Long-running transaction in Security::StoreScansWorker when deduplicating security_findings
Summary
The Security::StoreScansWorker
sidekiq worker can spend a lot of time in a single postgres transaction when there are many matching security_findings
rows to be deduplicated.
The statements in those transactions look like:
UPDATE "security_findings"
SET "deduplicated" = $1
WHERE "security_findings"."scan_id" = $2
AND "security_findings"."deduplicated" = $3
AND "security_findings"."id" >= $4
AND "security_findings"."id" < $5
In a recently observed case, the time spent in a single transaction was longer than 10 minutes.
Impact
Long-running transactions negatively impact the overall performance of the database, as they inhibit autovacuum from making progress.
Sample incident:
Recommendation
Break up the update queries into smaller batches with one transaction per batch.

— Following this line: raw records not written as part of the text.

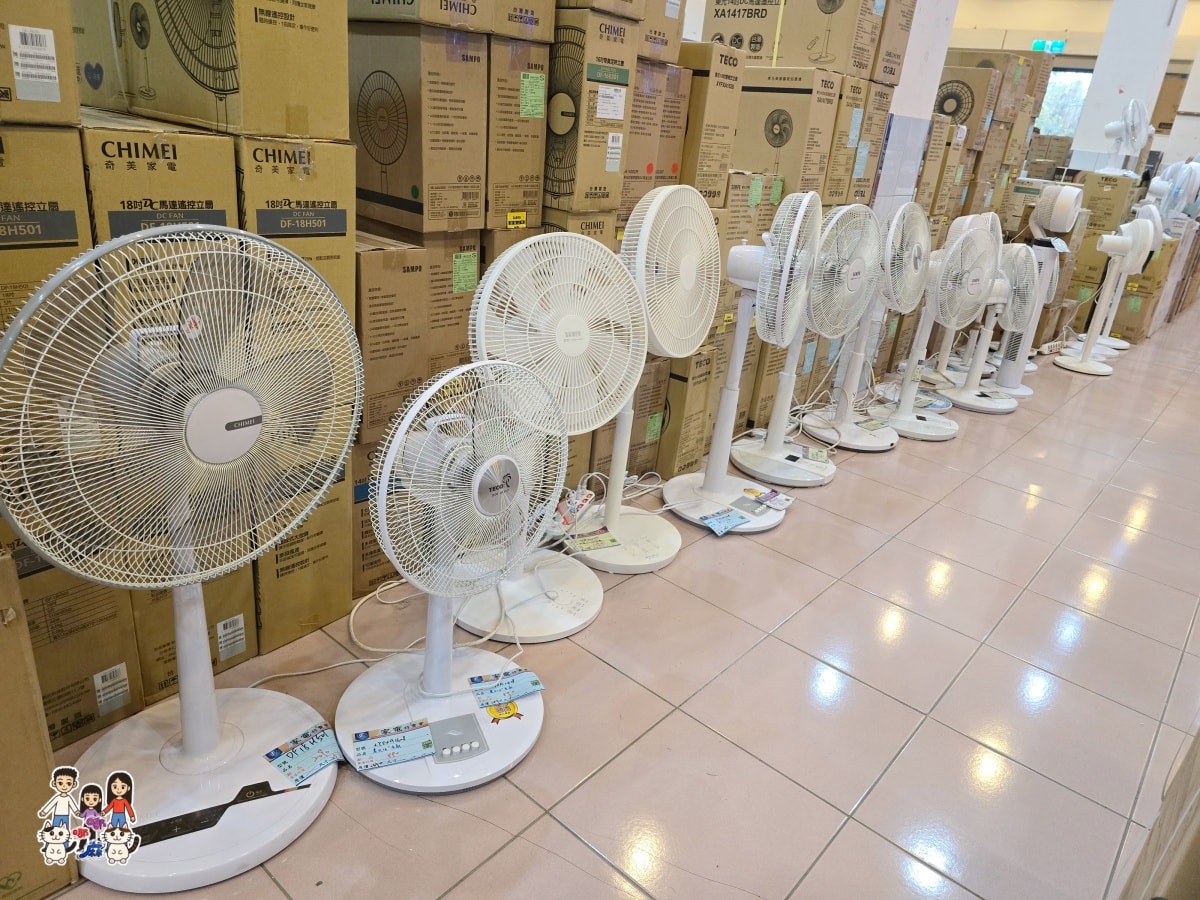 平鎮富奕家電特賣會完整開箱｜萬元有找買到爆！冰箱、洗衣機、電視、小家電全攻略，現場直擊優惠不藏私
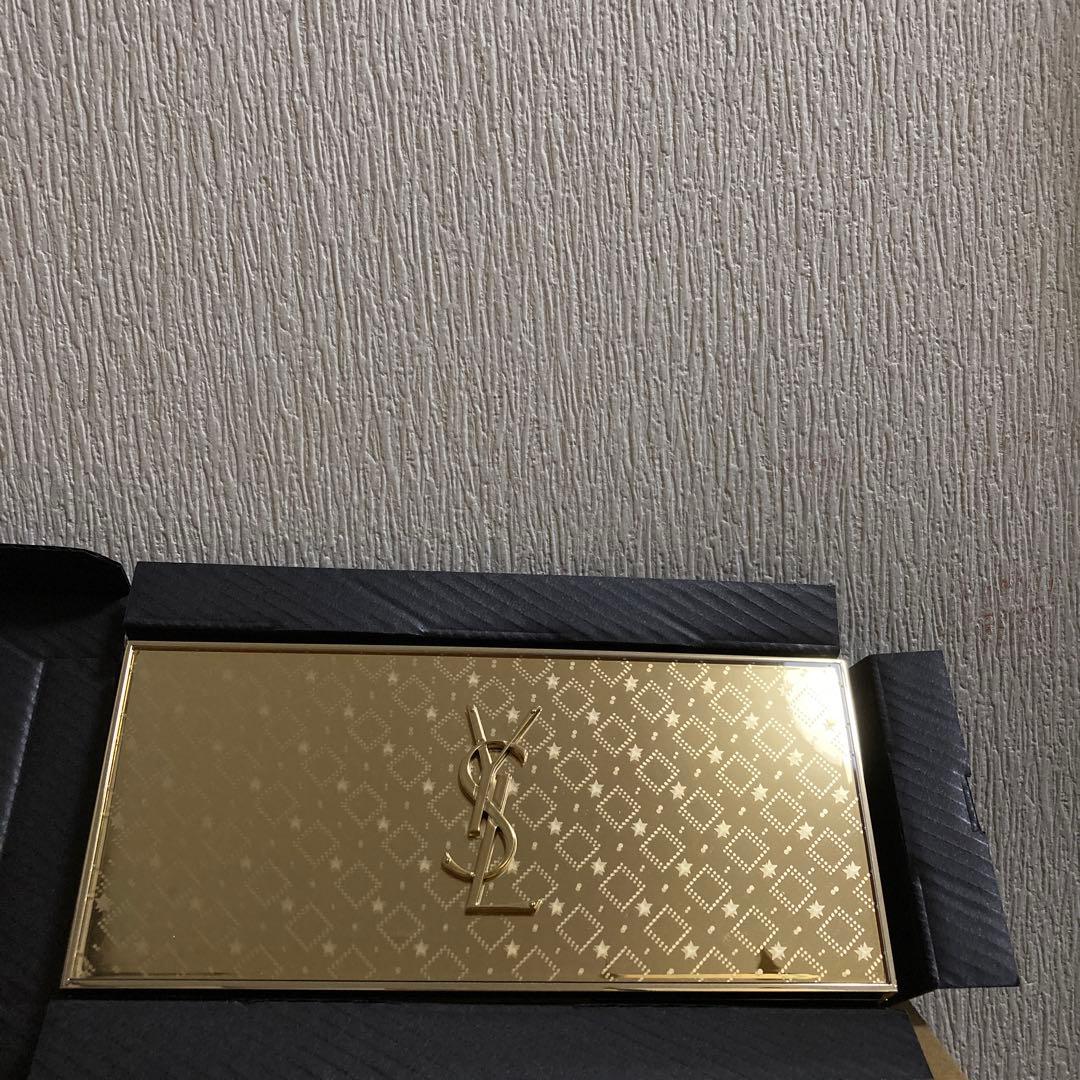 イヴ・サンローラン クチュール カラー クラッチ コレクター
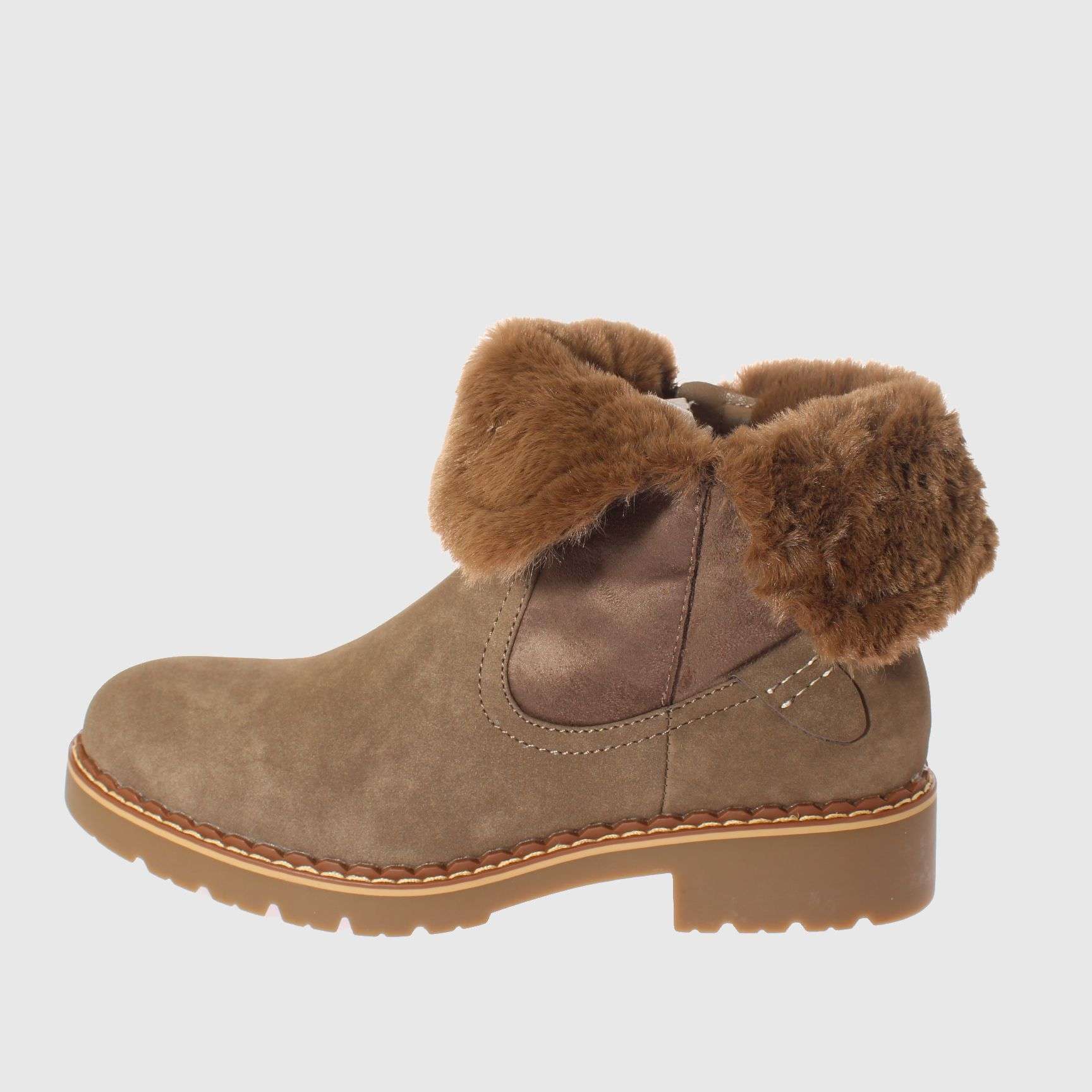 BOTIN KAKI VIA FRANCA ART. 512082426CAQUI - 2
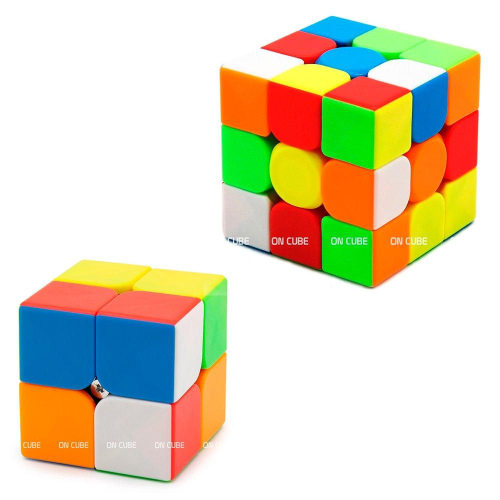 Cubo Mágico 2x2x2 Moyu Profissional Stickerlessstri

Also consider breaking up the sidekiq jobs into smaller batches to avoid them getting killed during deployments.
Implementation Plan
-
Remove transaction from here. -
Consider increasing the DEDUPLICATE_BATCH_SIZE to reduce the # of round trips to the database. -
Add test coverage to ensure that the body of this block is being executed.
Verification
No easy metric to check this unfortunately. A "longest transaction" log field would help here.